Fröstelnd stand ich in der geöffneten Sprossen-Tür der Küche, blickte hinaus in die mondbeschienene Landschaft und registrierte den feinen, fast süßlichen Duft der eisigen Luft.
Dann inhalierte ich einen tiefen Zug meiner Selbstgedrehten. Die Wirkung des Nikotins verpasste mir einen netten, kleinen Flash, bevor der Rauch durch meine Nasenflügel als zarte Wolke in die Nacht hinaus verschwand. Es war meine Erste seit Stunden.
Wie immer hatte ich darauf verzichtet, Licht zu machen. Der Mond reichte vollkommen. Es war perfekt so...
Unsere Rückkehr aus Catanzaro lag nun vier Tage zurück.
Ganz in Gedanken hob ich mein Glas, prostete ins Nichts und trank einen Schluck Roten, einen Chianti diesmal, von den Hügeln rund um Greve.
Shiro lag oben, im Bett, in meinem Bett, und das war es, was mich veranlasst hatte, die Küche aufzusuchen - meine Zuflucht.
Ich war verwirrt...
Es war, als trete ich ein Erbe an - Danieles Erbe. Und dieser Gedanke behagte mir nicht.
Ich war so schwach. Warum war ich nicht meiner inneren Stimme gefolgt, einen Schlussstrich unter diese ganze Geschichte zu ziehen?
Ganze Geschichte... Was war das nun wieder? Shiro war keine Geschichte für mich, nicht irgend eine beliebige Episode. Es so zu sehen, wurde uns nicht gerecht. Aber das, was sich da gerade zwischen uns anbahnte, schien mir auch nicht richtig zu sein.
Ich trank einen weiteren Schluck, zog noch einmal an der Zigarette, bevor ich sie nach draußen schnippte und schloss dann die Tür, um die Kälte auszusperren.
Es war so eigenartig: Shiro war irgendwie nicht Shiro. Nicht mein Shiro...
Alles fühlte sich 'neu' an, so... fremd. Unsere Begegnungen hatten kaum Vertrautes. In Catanzaro war mir das überhaupt nicht aufgefallen, doch hier...
Ich spürte, wie sehr er sich wünschte, mir nahezukommen.
Doch es gelang ihm nicht...
Vermutlich lag es an mir.
Es war ein Dilemma. Ich wusste mal wieder nicht, was ich eigentlich wollte, wusste nicht, was das richtige war.
Fabio... mein Fabio! An ihn musste ich pausenlos denken. War es zunächst 'Ele gewesen, der durch meine Gedankenwelt spukte, so wurde er nun von Fabio abgelöst. Vor zwei Tagen hatte es angefangen - da hatte ich begonnen, ihn zu vermissen. Klar, so ungewöhnlich war das jetzt auch wieder nicht. Er gehörte hier her, auf meinen Berg. Das war schon immer so gewesen. Und zu alledem regte sich nun in mir so etwas wie ein schlechtes Gewissen. Dabei war ich mir so sicher gewesen, dass...

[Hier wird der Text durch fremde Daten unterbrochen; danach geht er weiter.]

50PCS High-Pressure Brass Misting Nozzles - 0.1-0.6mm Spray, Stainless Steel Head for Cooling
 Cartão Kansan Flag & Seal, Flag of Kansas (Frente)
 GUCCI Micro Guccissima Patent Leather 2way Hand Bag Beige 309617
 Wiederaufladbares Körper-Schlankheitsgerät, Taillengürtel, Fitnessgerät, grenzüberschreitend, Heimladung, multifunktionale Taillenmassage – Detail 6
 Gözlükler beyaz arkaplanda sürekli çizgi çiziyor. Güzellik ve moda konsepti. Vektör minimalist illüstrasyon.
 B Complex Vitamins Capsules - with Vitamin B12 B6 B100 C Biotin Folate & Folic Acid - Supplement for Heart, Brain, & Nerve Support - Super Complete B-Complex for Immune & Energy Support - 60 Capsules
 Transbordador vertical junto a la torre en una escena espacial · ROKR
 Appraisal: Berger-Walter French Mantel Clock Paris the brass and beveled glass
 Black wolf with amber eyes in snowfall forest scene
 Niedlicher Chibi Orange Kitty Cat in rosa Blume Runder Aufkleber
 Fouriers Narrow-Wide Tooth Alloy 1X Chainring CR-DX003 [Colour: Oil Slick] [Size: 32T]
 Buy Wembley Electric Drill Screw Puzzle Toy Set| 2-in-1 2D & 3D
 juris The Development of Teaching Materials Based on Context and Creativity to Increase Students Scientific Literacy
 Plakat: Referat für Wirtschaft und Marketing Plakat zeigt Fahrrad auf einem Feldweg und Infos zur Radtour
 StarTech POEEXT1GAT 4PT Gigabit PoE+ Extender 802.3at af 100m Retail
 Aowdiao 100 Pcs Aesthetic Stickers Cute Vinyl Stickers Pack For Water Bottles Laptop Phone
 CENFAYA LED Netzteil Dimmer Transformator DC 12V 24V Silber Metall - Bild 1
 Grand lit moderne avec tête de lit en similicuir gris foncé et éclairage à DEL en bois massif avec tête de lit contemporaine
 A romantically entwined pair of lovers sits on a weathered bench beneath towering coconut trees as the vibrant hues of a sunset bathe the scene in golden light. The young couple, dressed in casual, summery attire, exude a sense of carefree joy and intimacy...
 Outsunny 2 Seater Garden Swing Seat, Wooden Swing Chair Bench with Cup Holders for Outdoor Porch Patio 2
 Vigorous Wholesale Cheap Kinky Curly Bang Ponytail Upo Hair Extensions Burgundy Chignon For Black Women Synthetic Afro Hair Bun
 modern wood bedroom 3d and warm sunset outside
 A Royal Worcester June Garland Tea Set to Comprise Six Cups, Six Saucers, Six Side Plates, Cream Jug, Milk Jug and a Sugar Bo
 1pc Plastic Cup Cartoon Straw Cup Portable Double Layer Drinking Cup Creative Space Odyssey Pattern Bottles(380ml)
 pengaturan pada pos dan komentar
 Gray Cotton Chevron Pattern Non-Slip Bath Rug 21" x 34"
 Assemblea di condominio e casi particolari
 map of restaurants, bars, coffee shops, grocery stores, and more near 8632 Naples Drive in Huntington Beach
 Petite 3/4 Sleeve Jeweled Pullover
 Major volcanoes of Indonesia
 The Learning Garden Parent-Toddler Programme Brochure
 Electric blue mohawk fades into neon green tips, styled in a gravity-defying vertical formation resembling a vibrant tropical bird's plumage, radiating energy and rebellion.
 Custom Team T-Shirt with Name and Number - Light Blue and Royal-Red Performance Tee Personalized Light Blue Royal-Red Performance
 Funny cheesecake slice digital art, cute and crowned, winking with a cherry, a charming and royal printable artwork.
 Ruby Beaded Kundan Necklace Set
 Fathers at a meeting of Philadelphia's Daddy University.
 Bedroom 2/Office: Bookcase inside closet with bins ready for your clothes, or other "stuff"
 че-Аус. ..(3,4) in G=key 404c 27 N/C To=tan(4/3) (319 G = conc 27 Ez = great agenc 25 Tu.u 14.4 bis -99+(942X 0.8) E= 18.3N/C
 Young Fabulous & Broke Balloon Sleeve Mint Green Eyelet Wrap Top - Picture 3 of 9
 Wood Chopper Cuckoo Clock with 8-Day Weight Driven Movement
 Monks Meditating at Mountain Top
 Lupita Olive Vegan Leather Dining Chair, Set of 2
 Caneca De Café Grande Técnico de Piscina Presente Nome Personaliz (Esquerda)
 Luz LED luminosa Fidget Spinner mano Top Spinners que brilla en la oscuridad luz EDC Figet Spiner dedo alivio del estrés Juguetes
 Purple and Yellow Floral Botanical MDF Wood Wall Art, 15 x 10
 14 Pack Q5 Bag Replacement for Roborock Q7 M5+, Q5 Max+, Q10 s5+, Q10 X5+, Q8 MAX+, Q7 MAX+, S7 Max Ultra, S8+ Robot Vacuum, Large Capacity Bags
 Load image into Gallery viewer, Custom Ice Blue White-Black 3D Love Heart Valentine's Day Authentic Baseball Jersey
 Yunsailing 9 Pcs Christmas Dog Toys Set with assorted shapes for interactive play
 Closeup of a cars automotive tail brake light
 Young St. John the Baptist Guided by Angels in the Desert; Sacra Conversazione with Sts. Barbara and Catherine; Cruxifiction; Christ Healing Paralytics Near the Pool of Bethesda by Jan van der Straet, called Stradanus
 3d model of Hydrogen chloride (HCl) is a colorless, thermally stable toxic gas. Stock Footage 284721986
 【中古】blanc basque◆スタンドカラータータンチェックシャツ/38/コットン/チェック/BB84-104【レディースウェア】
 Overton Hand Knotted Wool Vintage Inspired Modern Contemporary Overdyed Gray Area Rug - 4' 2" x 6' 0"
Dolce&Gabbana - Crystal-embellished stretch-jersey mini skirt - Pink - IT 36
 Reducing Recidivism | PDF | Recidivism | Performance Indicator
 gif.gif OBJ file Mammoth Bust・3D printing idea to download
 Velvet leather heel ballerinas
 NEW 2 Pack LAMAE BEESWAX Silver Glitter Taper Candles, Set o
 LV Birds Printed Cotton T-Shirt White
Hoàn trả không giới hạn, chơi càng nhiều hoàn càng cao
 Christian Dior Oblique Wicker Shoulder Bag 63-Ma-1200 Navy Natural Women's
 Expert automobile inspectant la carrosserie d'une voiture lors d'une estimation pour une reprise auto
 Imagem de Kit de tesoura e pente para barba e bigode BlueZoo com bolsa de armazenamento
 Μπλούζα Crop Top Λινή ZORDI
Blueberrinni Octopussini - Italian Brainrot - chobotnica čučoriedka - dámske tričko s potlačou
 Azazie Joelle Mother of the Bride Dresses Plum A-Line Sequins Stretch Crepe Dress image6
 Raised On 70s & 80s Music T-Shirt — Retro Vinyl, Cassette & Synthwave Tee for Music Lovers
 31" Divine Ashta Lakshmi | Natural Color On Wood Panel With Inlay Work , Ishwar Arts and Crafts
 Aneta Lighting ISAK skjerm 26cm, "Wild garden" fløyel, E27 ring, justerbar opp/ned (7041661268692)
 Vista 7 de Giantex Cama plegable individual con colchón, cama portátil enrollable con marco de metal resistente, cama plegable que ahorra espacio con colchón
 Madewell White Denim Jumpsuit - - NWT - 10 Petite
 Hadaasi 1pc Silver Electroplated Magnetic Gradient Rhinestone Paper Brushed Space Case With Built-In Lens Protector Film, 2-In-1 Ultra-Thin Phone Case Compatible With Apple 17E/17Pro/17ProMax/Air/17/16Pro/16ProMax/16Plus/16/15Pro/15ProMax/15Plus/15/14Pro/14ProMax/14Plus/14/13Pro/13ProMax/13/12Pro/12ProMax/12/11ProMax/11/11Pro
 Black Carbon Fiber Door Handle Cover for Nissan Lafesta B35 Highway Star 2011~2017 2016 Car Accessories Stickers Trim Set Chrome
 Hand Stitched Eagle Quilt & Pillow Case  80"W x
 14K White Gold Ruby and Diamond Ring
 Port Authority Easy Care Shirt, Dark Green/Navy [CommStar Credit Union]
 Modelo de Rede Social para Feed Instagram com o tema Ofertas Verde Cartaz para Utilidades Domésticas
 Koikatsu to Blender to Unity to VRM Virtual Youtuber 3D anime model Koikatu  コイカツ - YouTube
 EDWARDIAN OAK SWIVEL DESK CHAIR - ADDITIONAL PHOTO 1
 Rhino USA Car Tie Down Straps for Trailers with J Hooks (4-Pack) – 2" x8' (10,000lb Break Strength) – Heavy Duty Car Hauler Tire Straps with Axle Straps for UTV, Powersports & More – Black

»Nicht erschrecken, Kleiner...«
Ich fuhr herum, und da stand Matteo, die Arme beruhigend ausgestreckt, in seinem verschlissenen, blau-rot-gestreiften Bademantel, das graue Haar wirr nach allen Seiten abstehend.
»...Konnte nicht schlafen...«, erklärte er sich. »Senile Bettflucht nennt man das wohl...« Er lachte rau. »Noch 'n Schluck übrig für mich...?«
Ich nickte ins Dunkel, dankbar, dass er darauf verzichtet hatte, das Licht einzuschalten, griff zur Flasche und stellte sie auf den Tisch. Gesellschaft passte mir jetzt eigentlich gar nicht.
»Zu zweit trinkt sich's leichter...«, fabulierte er, während wir uns setzten, und er sich ein- und mir nachschenkte. Am Weiß seiner Zähne konnte ich sehen, dass er grinste.
Eine ganze Zeitlang saßen wir dann nur so da, den Blick aus dem Fenster gerichtet, in das grandiose Blau der Nacht. Wir schwiegen und tranken.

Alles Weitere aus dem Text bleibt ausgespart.